People have to understand more fully the nature of the economic system they’re in can only be a good thing. Our governments in the west have become increasingly poor at making corporate power act in society’s interests, and we've been sold a line by too many governments that regulating them is impossible, that corporate power is greater than governmental power. And that’s horseshit. You only have to look at the credit crunch. The corporate power was totally enfeebled by an economic accident, and it took governmental power to save them. Governments have a nature of power that corporations don’t, and if those governments are acting democratically, they should be able to control the corporations and make them behave socially responsibly. They've that power, but only if we, as citizens, are more vigilant in who we vote for and why. It’s not going to be a quick fix or an easy change, but the more people are informed about what corporations do, and that they’re not all about the charities that they give to or any of that bullshit, what they’re doing is avoiding tax and paying a pittance to people in slum conditions, then maybe the political messages that say, we would like to change that, will gain more traction. It’s a way of looking at a lot of things that have shaped the last 30 years in a way that's wrong.

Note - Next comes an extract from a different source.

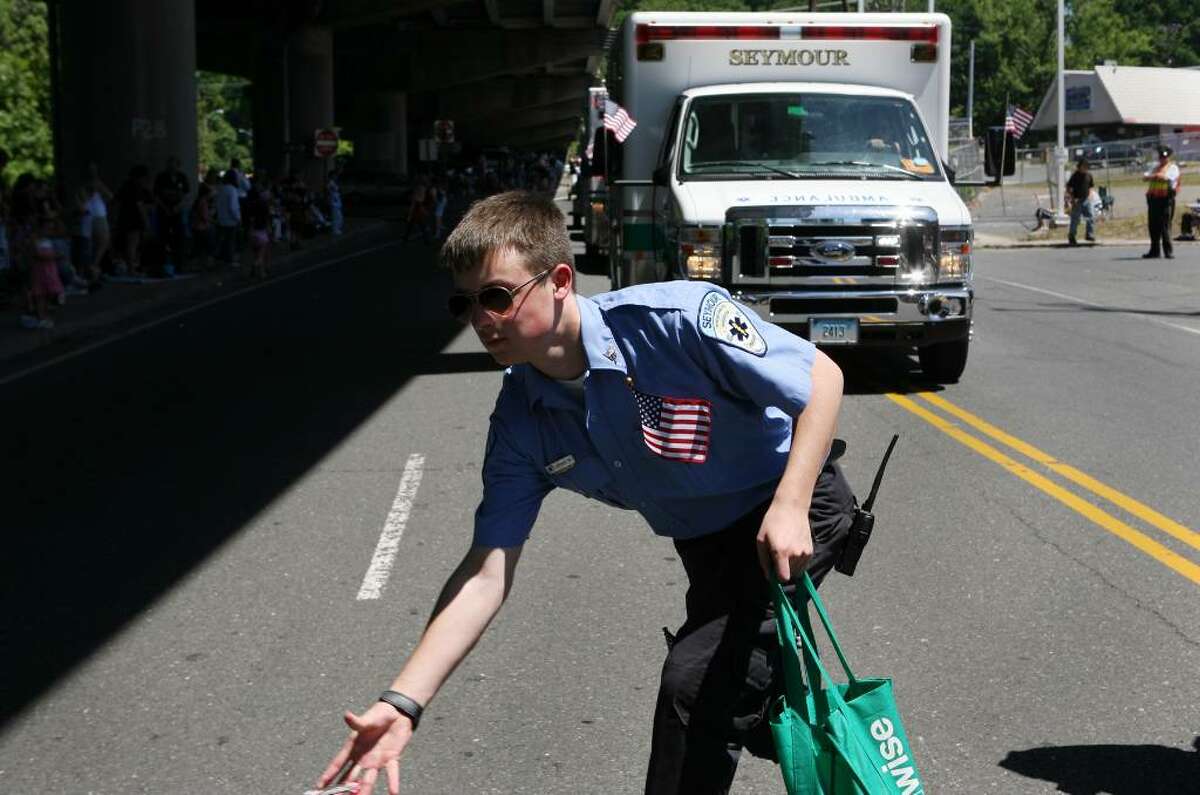 Seymour EMT Joshua Wood throws candy to children while marching in the Seymour Memorial Day parade on Sunday morning.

Free-market capitalism and the whole ‘80s 'Wall Street' ethos of "Greed" is good. We’ve come to the stage, after 30 years of that kind of capitalism, where there are more and more people who would like to see a fairer world, a greener world. We throw away a huge amount of clothes because we can buy them again so cheaply. That era is coming to an end, and this film is definitely looking back at the end of an era. But is it the fall of the whole empire? About waste, and about whether the fashion industry is going to address these issues. The fashion industry does a lot for 'AIDS' charities and all the rest of it. But if you ask them how much they exploit people in the developing world, they’ll suddenly go all tongue-tied, because that’s their 'Achilles' heel. This film opens up a discussion about how we want to live our lives, and how much we need to consume. There have been certain successes in that area we all know plastic bags are bad now, and that plastic straws are bad. Well, let’s broaden out that discussion and talk about the voracious consumption in the clothing industry. We talk about waste, which is a good thing, environmentally, but we don’t talk about exploitation. And even if we do, it’s marginalized. Rich people are happy to talk about how green they're, but they’re not happy to talk about how much they pay their most poorly paid employees. We don’t have to accept conventional ways of thinking, perhaps we need to be more radical about how we address these things. The media always says, being radical. Oh no, that’s for lunatics. What we've to do is carry on as we're and just change things a tiny little bit, and then everything will be fine. No, that’s not good enough. You've to unleash the lions.